L’Euro de football débute ce vendredi. L’occasion de regarder autrement ce jeu de ballon à travers quelques livres, comme celui, excellent, du journaliste italien Gigi Riva (homonyme du célèbre joueur) : Le Dernier Penalty.
Rédacteur en chef de l’hebdomadaire L’Espresso, Gigi Riva revient dans ce livre mélancolique sur un quart de finale de la Coupe du monde de 1990. La Yougoslavie affronte l’Argentine et perd. Comme l’équipe qui implose ce soir-là, bientôt la Yougoslavie n’existera plus, le pays sera déchiré par la guerre civile…

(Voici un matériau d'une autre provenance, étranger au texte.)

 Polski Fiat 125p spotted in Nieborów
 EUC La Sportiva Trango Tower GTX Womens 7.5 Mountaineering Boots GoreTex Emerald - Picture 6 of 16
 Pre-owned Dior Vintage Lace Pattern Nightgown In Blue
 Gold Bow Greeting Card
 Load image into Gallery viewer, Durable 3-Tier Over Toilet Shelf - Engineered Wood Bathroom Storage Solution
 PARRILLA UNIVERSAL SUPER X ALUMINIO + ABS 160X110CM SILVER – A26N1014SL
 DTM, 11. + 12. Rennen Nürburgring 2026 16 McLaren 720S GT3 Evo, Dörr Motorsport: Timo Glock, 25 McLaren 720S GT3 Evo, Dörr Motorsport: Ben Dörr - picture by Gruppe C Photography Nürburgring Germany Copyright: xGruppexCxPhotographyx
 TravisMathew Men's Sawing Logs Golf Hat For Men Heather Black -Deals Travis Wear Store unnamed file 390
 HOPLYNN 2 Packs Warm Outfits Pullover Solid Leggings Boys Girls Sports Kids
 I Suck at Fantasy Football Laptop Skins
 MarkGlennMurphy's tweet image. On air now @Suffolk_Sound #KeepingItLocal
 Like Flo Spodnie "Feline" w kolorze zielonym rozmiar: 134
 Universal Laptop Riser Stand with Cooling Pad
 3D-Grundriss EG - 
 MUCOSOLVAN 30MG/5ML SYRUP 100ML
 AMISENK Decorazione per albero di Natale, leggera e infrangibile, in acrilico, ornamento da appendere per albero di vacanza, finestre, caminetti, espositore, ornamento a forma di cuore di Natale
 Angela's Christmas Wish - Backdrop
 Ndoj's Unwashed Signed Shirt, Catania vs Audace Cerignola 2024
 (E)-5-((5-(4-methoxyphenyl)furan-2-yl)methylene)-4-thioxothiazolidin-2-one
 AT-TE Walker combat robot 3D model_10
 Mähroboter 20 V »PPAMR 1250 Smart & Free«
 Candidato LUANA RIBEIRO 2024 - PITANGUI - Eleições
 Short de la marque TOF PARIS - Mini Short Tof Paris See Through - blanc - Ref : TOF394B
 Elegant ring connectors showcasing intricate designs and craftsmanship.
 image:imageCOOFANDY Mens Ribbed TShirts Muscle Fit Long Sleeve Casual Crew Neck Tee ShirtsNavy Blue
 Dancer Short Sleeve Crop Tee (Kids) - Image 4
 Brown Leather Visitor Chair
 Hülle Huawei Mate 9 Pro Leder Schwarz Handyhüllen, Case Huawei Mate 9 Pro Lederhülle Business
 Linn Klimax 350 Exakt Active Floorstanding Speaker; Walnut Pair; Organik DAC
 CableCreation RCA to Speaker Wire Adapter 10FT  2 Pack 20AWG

Près de 26 ans plus tard, la question demeure : et si, en l’été 1990, la Yougoslavie avait battu en quart de finale de la Coupe du monde l’Argentine de Diego Armando Maradona, le pays aurait-il explosé? Et si, surtout, à l’issue du temps réglementaire et des prolongations, durant la séance de tirs au but, Faruk Hadzibegic, Bosniaque de Sarajevo, 32 ans et joueur du FC Sochaux à l’époque, n’avait pas manqué sa tentative? Et si ce match avait donné un autre résultat?
C’est toute l’histoire d’un formidable roman, Le Dernier Penalty de l’Italien Gigi Riva, rédacteur en chef de l’hebdomadaire L’Espresso , passionné de football et homonyme d’une star de la Squadra Azzura dans les années 1960-1970. Sous-titre du livre de Riva publié, en VF : «Histoire de football et de guerre». Et ce 30 juin 1990 qui a pourri la vie de Hadzibegic, alors capitaine de la Yougoslavie. Le dernier penalty, celui qui, réussi, aurait tout changé. Celui que le gardien Sergio Goycochea a, ce jour-là, arrêté…
« Dans les Balkans, dire que le sport est comme la guerre n’est pas une métaphore. La guerre est la continuation du sport par d’autres moyens. »
Gigi Riva
Riva écrit : «Vingt-cinq ans après le sien, d’épisode, Faruk (NDLR : entraîneur du club de Valenciennes depuis janvier 2016) est un bel homme qui va sur ses 60 ans. Il a gardé le physique de l’athlète, des cheveux encore noirs, juste un peu plus clairsemés sur le front et les tempes… le pas rapide de qui a un avenir à assumer dans la seconde vie qu’il a dû s’inventer après le naufrage de la première à Florence.»
«Le football est une chose trop sérieuse»
Ce jour de juin 1990 à Florence, on n’avait pas assisté à un simple match de football – le penalty manqué par Faruk Hadzibegic devenait soudain une histoire de football et de guerre. Le symbole, le déclencheur de l’éclatement d’un pays. Certes, et Riva ne manque pas de le rappeler, l’explosion de la Yougoslavie, «une idée romantique à l’agonie» alors, bruissait depuis quelque temps – dix ans après la mort du dirigeant Tito, la fédération socialiste n’était maintenue à flot qu’à coups d’illusions. Ainsi, ça avait chauffé fort lors d’un match entre le Dynamo Zagreb et l’Étoile Rouge de Belgrade. Dans le stade, les supporters avaient déployé des banderoles avec des slogans identitaires et créé une émeute.
Lors du Mondial-1990, Croates et Serbes jouaient sous le même maillot, celui de la Yougoslavie – ce fut la dernière fois, une fin précipitée par le dernier penalty… Dans les mois qui suivirent, tant et tant de supporters devinrent les miliciens d’une guerre civile. Une guerre durant laquelle les nationalismes se sont affrontés dans le sang, sous les bombardements. En passionné de football mais aussi en fin connaisseur de la géopolitique, Gigi Riva ne manque pas de noter que l’Europe a fait preuve d’une grande passivité face à cette guerre fratricide, lointaine et si proche.
Pis, dans cette histoire de football et de guerre, pour l’écrivain et journaliste italien, l’Europe a perdu une bonne partie de son âme. Quelque temps après ce match, Diego Armando Maradona, le génie argentin des années 1980-90, lancera : « Occupe-toi de politique internationale. Le football est une chose trop sérieuse. » Faruk Hadzibegic, lui, n’a jamais été star mais en manquant un tir au but, c’est la grande histoire qu’il a fait basculer…
Serge Bressan
Le Dernier Penalty, de Gigi Riva. Seuil.